- [How to complete this task]: Of all the entries below, only the lines from the one with "Misshufflepuff93 nude leaked photo #8" up to and including the one with "17 Latitude Close, Whitby, Porirua" are to be duplicated exactly.

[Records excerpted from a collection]
++++++

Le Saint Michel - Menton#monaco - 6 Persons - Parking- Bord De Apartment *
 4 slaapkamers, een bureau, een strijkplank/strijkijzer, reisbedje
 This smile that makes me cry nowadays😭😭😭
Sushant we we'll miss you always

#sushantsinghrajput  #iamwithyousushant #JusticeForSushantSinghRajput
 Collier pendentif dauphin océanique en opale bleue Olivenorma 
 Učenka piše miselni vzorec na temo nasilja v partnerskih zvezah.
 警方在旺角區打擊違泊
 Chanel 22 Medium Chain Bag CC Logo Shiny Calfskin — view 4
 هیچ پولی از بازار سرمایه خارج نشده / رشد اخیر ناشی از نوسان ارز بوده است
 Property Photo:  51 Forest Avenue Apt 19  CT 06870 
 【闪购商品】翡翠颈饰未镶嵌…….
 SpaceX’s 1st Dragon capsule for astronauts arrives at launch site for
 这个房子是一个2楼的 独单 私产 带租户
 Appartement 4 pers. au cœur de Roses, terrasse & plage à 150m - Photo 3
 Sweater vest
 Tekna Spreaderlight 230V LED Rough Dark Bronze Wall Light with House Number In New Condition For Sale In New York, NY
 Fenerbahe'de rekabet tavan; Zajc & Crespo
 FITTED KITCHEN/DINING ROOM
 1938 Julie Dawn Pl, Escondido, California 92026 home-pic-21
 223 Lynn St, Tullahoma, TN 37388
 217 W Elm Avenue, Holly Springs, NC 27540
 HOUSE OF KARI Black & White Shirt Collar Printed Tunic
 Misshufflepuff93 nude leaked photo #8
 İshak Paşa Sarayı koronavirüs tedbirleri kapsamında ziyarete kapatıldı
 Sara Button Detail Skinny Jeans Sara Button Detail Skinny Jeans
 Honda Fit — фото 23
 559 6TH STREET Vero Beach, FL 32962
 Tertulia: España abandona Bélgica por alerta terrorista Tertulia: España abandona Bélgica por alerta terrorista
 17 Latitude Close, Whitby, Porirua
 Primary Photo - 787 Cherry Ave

++++++

- [Written solution]:
 Misshufflepuff93 nude leaked photo #8
 İshak Paşa Sarayı koronavirüs tedbirleri kapsamında ziyarete kapatıldı
 Sara Button Detail Skinny Jeans Sara Button Detail Skinny Jeans
 Honda Fit — фото 23
 559 6TH STREET Vero Beach, FL 32962
 Tertulia: España abandona Bélgica por alerta terrorista Tertulia: España abandona Bélgica por alerta terrorista
 17 Latitude Close, Whitby, Porirua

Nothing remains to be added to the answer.